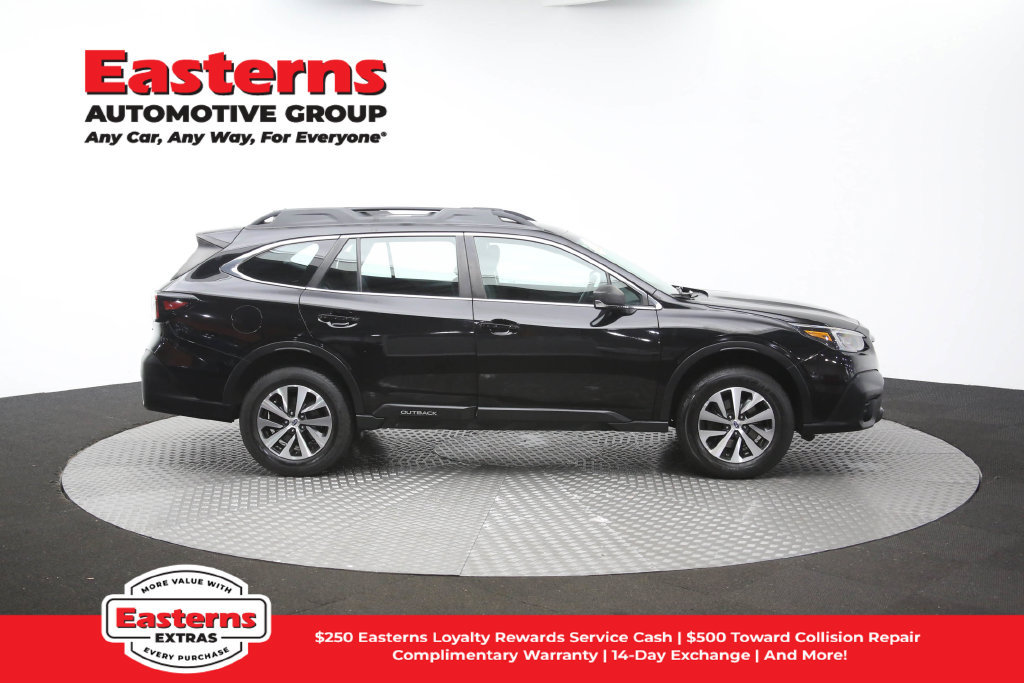 Used 2020 Subaru Outback AWD/4WD image 44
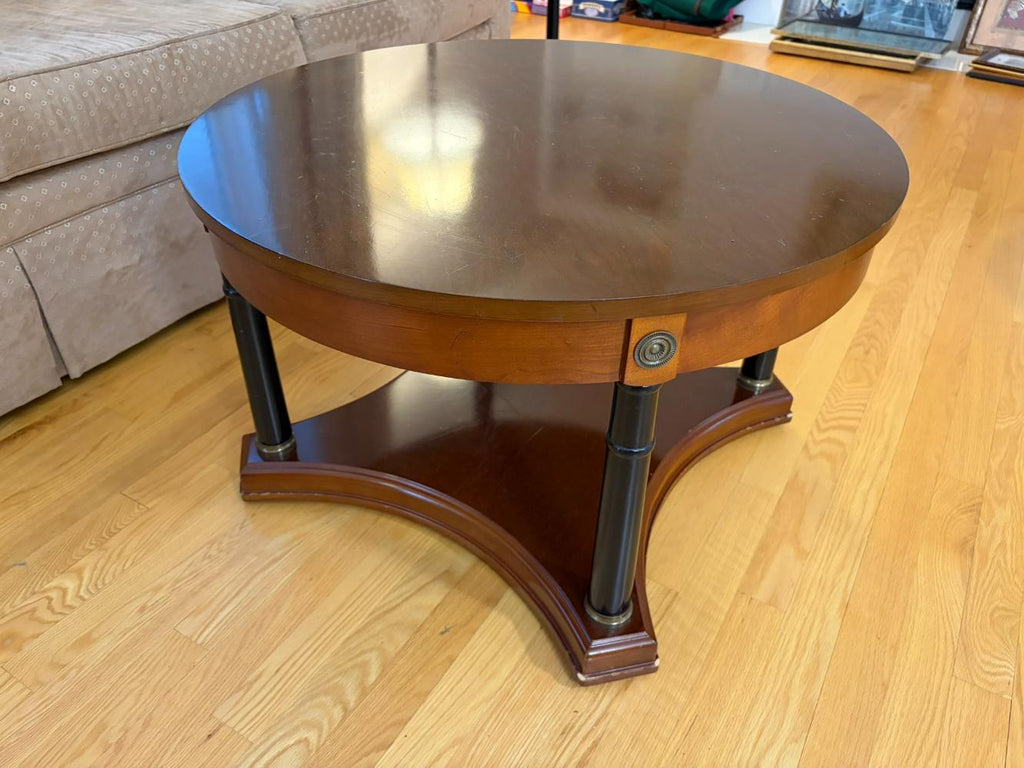 Coffee Table Lot #2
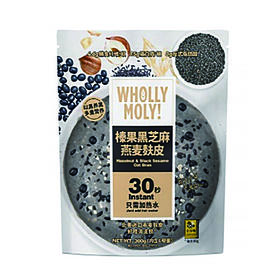 T好哩50g*6榛果黑芝麻燕麦麸皮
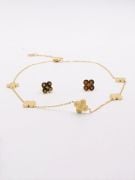 Louis Vuitton Flower Logo Set-3
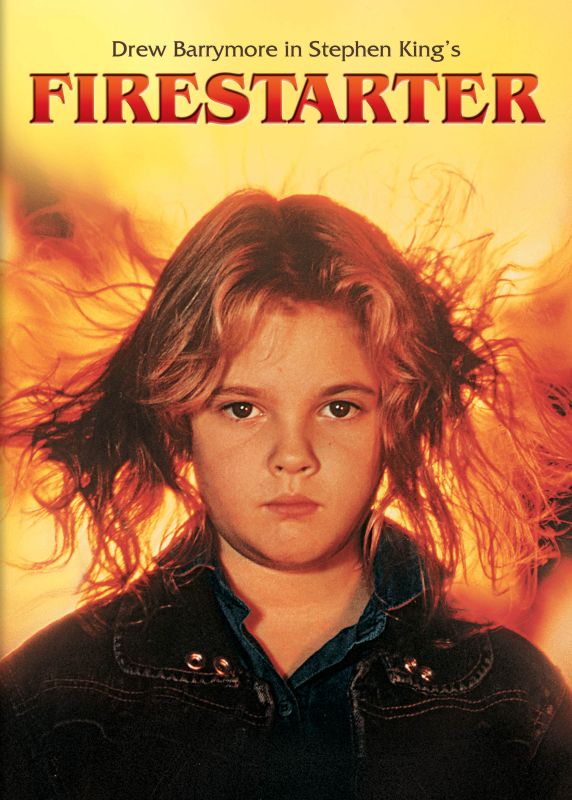 Firestarter (1984) Mark L. Lester Synopsis, Characteristics, Moods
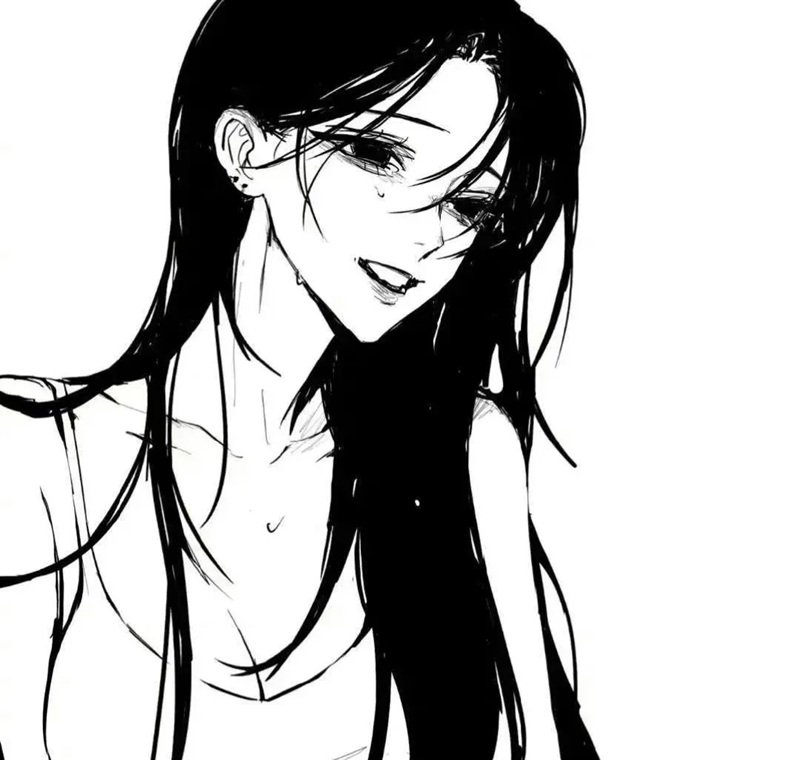 Anime Nữ Ngầu 3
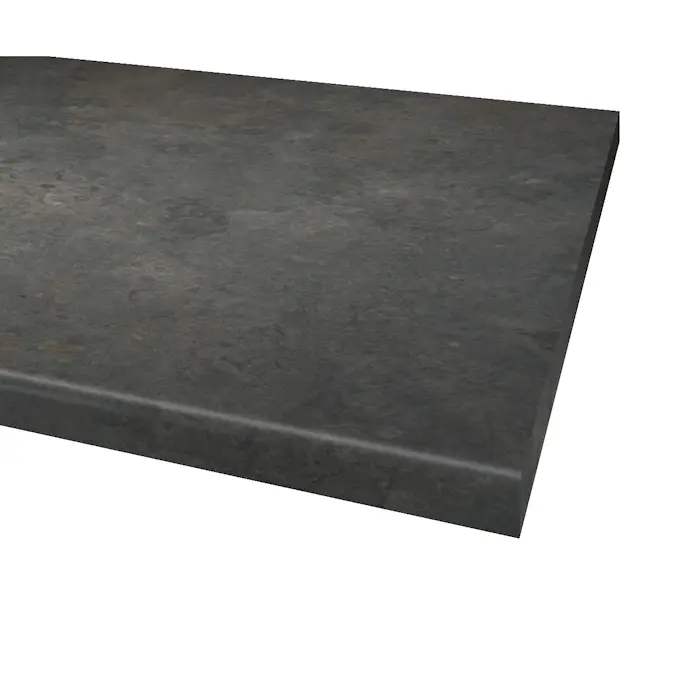 Benkeplate Fibo Laminat 522 Cement Rust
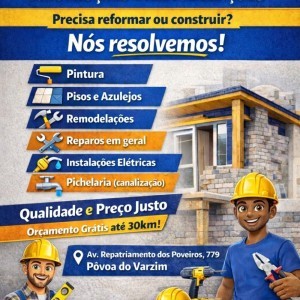 Construir Casas com Joedson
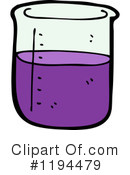 Beaker Clipart #1194479 by lineartestpilot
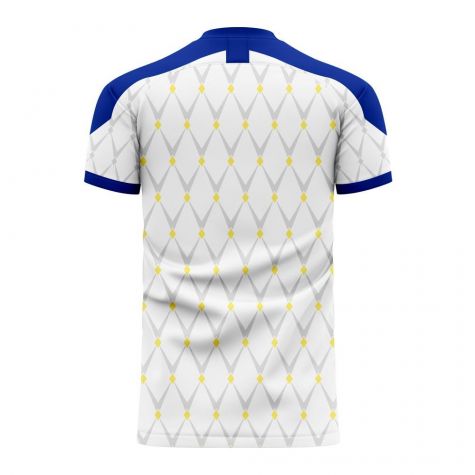 Everton 2020-2021 Away Concept Football Kit (Libero)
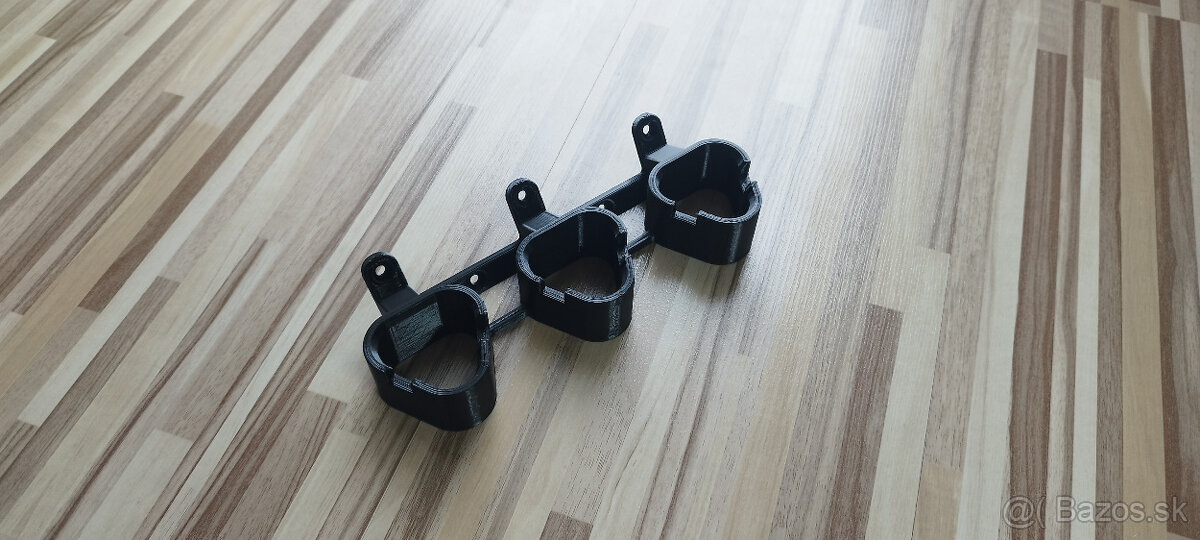 Držiak batérie 12V parkside na 3 batérie - 2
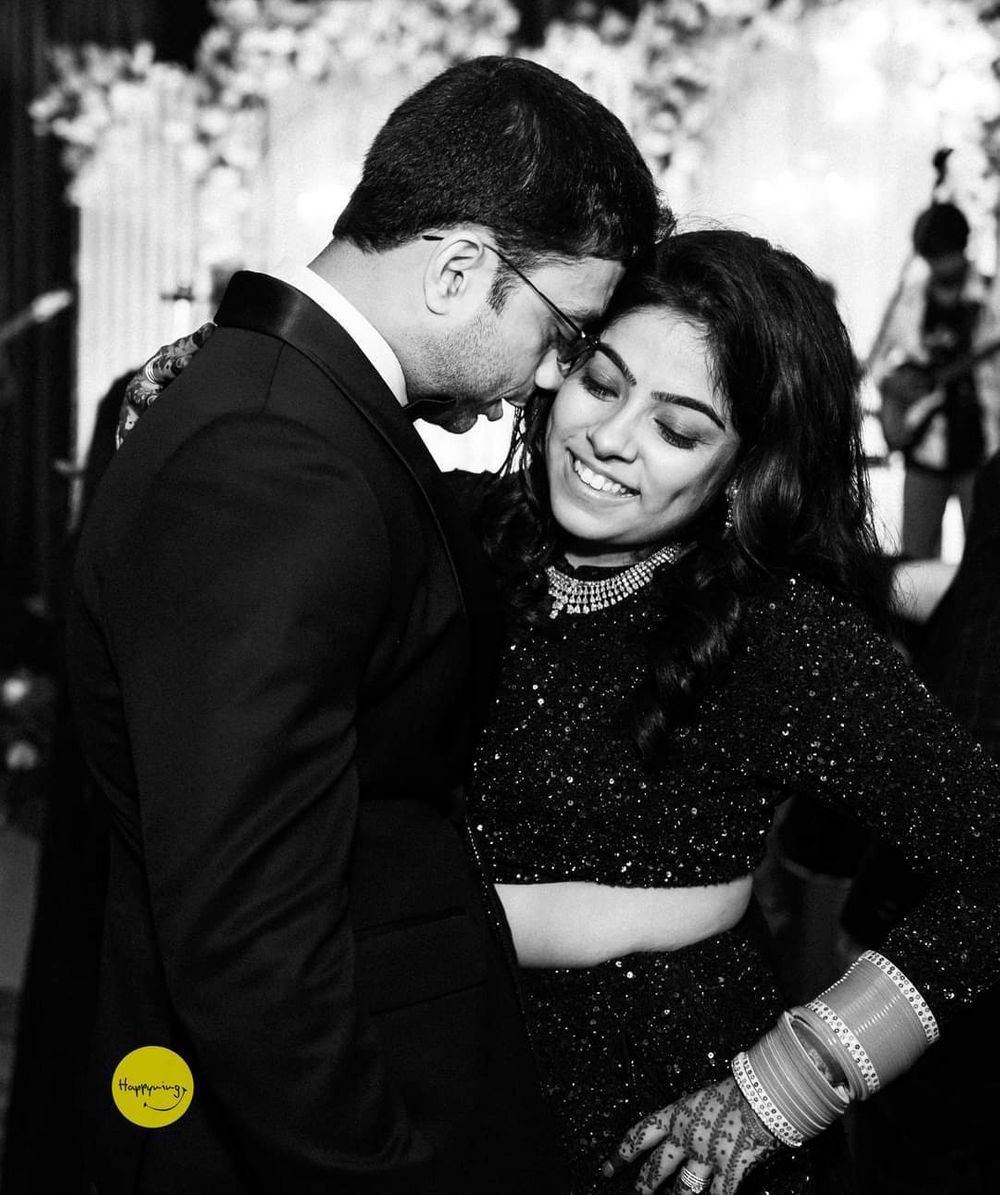 Photo From SANGEET & COCKTAIL PART 2 - By Happyning Productions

◇ ◇ ◇ ◇

#### [Work request]
Please output, exactly and with no pictures, only the lines from the one containing "Louis Vuitton Flower Logo Set-3" through the final line of the records above.

#### [Exercise answer]
 Louis Vuitton Flower Logo Set-3
 Firestarter (1984) Mark L. Lester Synopsis, Characteristics, Moods
 Anime Nữ Ngầu 3
 Benkeplate Fibo Laminat 522 Cement Rust
 Construir Casas com Joedson
 Beaker Clipart #1194479 by lineartestpilot
 Everton 2020-2021 Away Concept Football Kit (Libero)
 Držiak batérie 12V parkside na 3 batérie - 2
 Photo From SANGEET & COCKTAIL PART 2 - By Happyning Productions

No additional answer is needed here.